Taking control. The Highland County Common Pleas Court appointed a retired grain elevator manager Cliff Byers as grain receiver to take control of the company and liquidate its assets, while state officials help verify and process claims by depositors seeking to recoup losses.
Farmers with obligations from Bobb Bros. Inc. are asked to report their losses to the department’s Grain Warehouse Section at 614-728-6410.
What to do. “ODA officials will be at the facility when the receiver takes control to discuss concerns with farmers regarding grain delivery receipts and to hand out claim forms to expedite the process,” Ohio Agriculture Director Fred Dailey said.
“It is important for farmers submitting claims to document their losses with scale tickets and other proof of grain ownership and transactions with Bobb Bros. Inc.
“This will enable the Commodity Advisory Commission to validate the claims as quickly as possible and help eligible depositors recoup as much of their losses as possible.”
The agriculture department continues to investigate Bobb Bros.
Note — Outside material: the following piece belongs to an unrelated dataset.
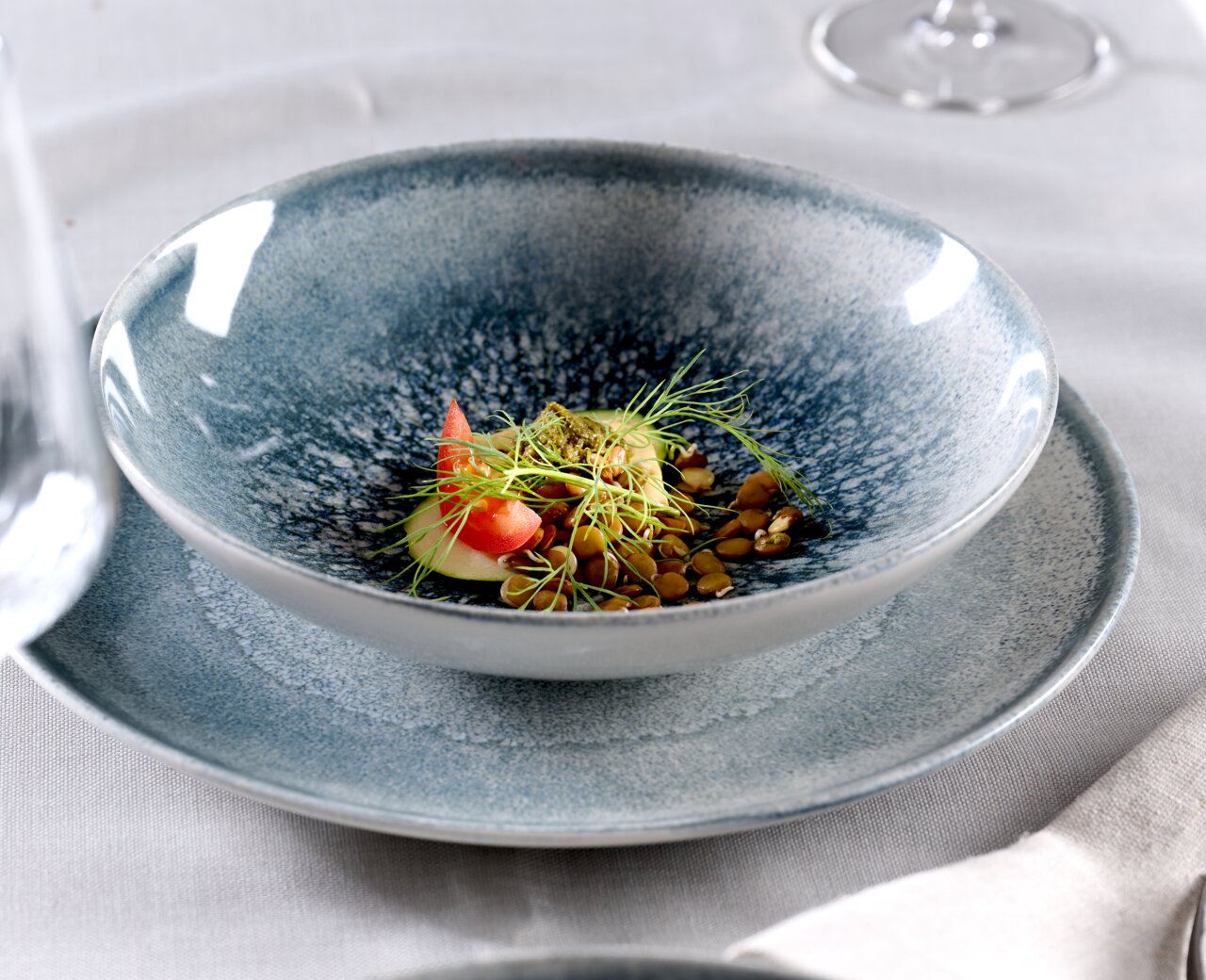 Close-up van een set blauwe borden met een decoratief opgemaakt gerecht, bestaande uit tomaten, spruitjes en zaden, op een tafel met een wit tafelkleed.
Inc. to determine the reason for the insolvency.
Uncovered. A nine-day examination by the department has uncovered missing records and revealed that:
* Bobb Bros. Inc. was short of the amount needed to cover its storage obligations to farmers by 56,070 bushels of corn, 82,187 bushels of soybeans, and 97,480 bushels of wheat.
The monetary value of this grain totaled $887,098 at the time of the examination. The grain on inventory will be returned to warehouse receipt holders. There is no grain inventory to cover other types of deposits, such as delayed price contracts.
* More than 200 farmers are due payment by the company for 280 grain deposits at the facility.
* The company had unpaid delayed price contracts and payables amounting to $1.7 million.
Typical practices. Grain elevators across Ohio typically store grain for months at a time before it is sold and delivered to a terminal grain elevator.
It is common for farmers to deliver harvested grain to a grain elevator, collect a delivery receipt, and receive payment for their crops at a later date.
A grain elevator becomes insolvent when it does not have funds or other assets to cover payments due to farmers who have deposited grain at the elevator or to other creditors.
The department’s Grain Warehouse Section administers the indemnity fund, which reimburses eligible farmers when a licensed elevator becomes insolvent.
Numbers. Since it was established in 1983, the fund has reimbursed farmers more than $4.1 million in a number of smaller elevator insolvencies.
It is funded through a half-cent per bushel assessment on grain marketed at licensed elevators in Ohio, collected from July 1983 through December 1985.
Typically, the assessment is collected when the fund drops below $4 million. The fund now stands at approximately $6.7 million.